Indeed, war weariness was such that both officers and soldiers were frequently delighted to become POWs in German captivity. There was also widespread disgust at how the British press told blatant lies about the progress of the war, especially the Daily Mail. Here are headlines about how a desperate German population was now eating the corpses of their dead soldiers…..

By 1916-197, divisions were also beginning to appear between the British and the Dominions of the Empire, with the Australians, Canadians and New Zealanders only too willing to slate the British leadership on the Somme.

The numbers of men who wanted to go on fighting were increasingly small and the Australians in particular, who were no fools and were 100% aware that they were “always used in tough battles” were beginning to see their role as the “White Slaves of the Somme”. The same would happen to them in World War Two, and the Canadians would also suffer in a similar way in both wars. In World War 2, the Poles and the French speaking Canadians could also added to the list.

Mental illness, shell shock and desertion were increasing by leaps and bounds. Haig showed them no mercy and nine times out of ten opted to have them shot. It was carried out in the most ill considered of ways, with the members of the firing squad always selected from the condemned man’s unit. On many occasions, therefore, they were being asked to shoot somebody who they may have known personally, quite possibly as a friend. Here’s a British Army firing squad, hard at work…….

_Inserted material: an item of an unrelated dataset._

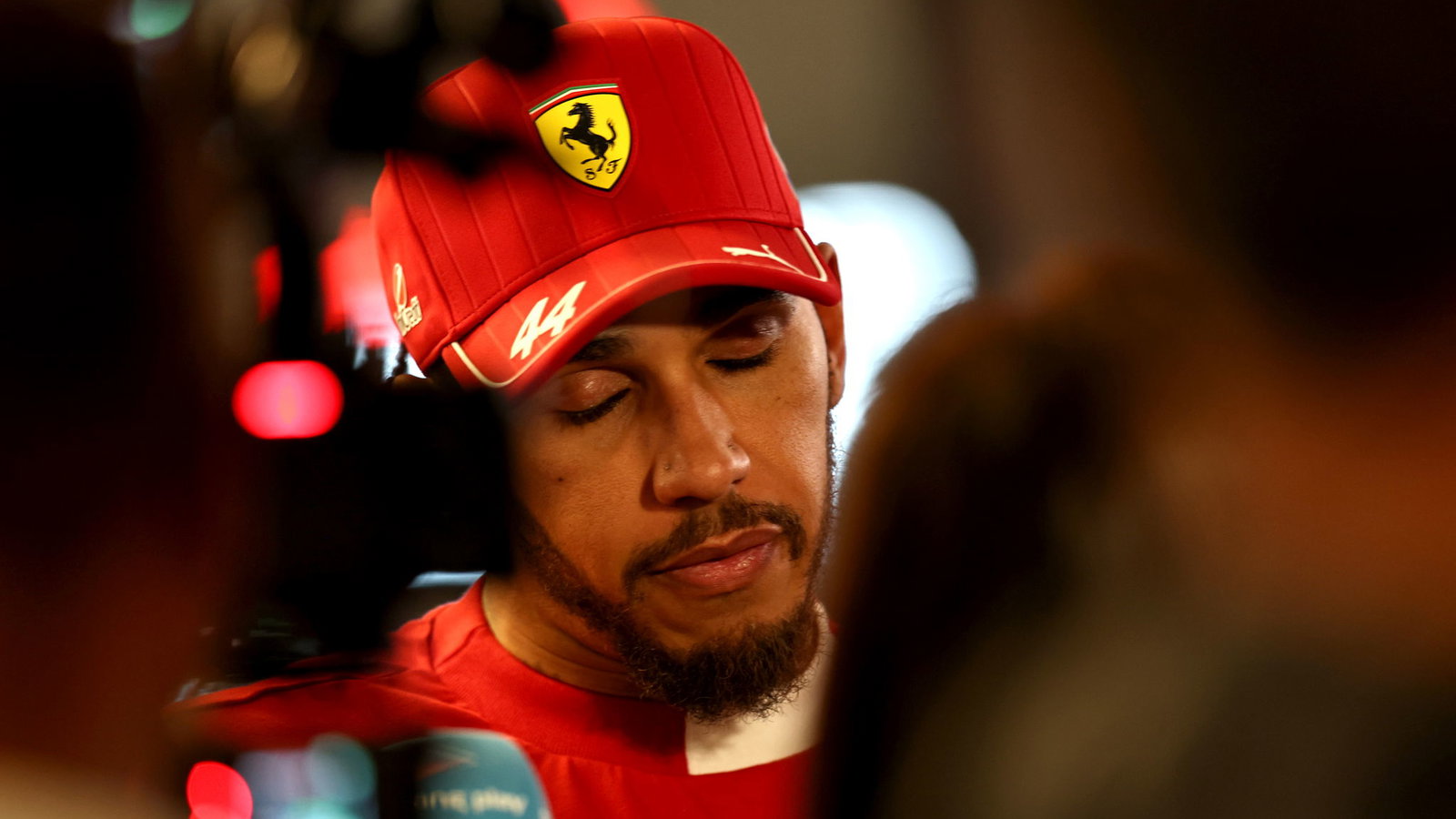Hamilton will want to forget his first season with Ferrari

Both sides tried wrongdoers at courts martial. The British did not give the accused access to a lawyer, but instead they had an officer to give them advice and to fight their corner.

The Germans made it much more like a civil trial. There was a jury whose job was to decide the guilt of the prisoner, and he had access to a fully qualified lawyer.

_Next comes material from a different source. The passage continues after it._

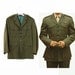 1960s USMC Green Service Jacket - 41S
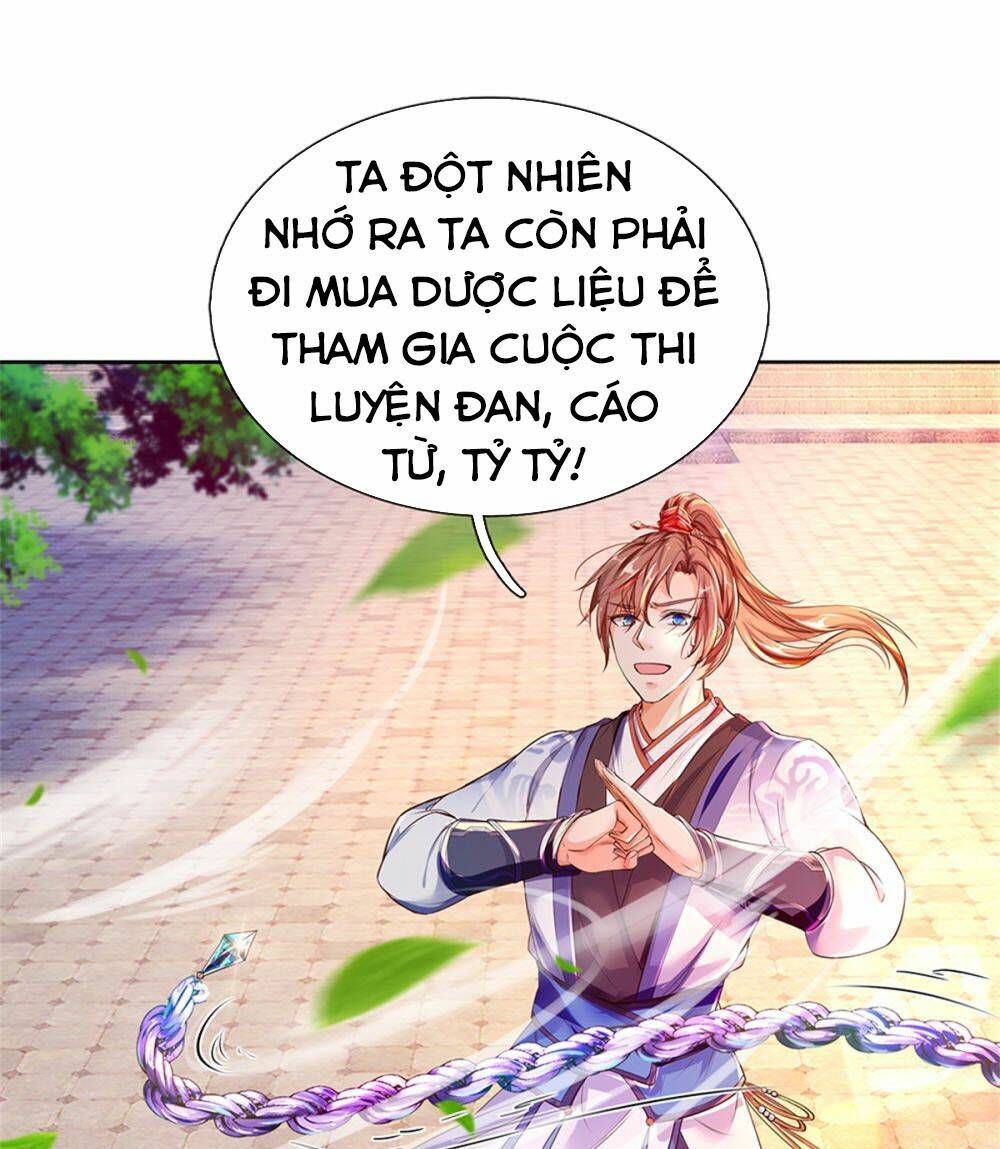 Nghịch Thiên Kiếm Thần Chapter 194 - Trang 2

The Germans used physical punishments and these were carried out in the local area.

When dealing with captured German soldiers, the British constantly harassed them and tended to be very fierce and very nasty to them. The result was that they hardly ever discovered any useful intelligence information.

The Germans, though, were always very pleasant with the British POWs, who soon became much more relaxed. The two sides would begin to chat to each other, and share a cup of tea, sometimes with biscuits.  Those simple aids would usually persuade the British to give up their secrets, often in very great detail. Here are prisoners in a German Prisoner-of-War camp. Some of these men might have been here for four years, since being captured, for example, at the Battle of Mons….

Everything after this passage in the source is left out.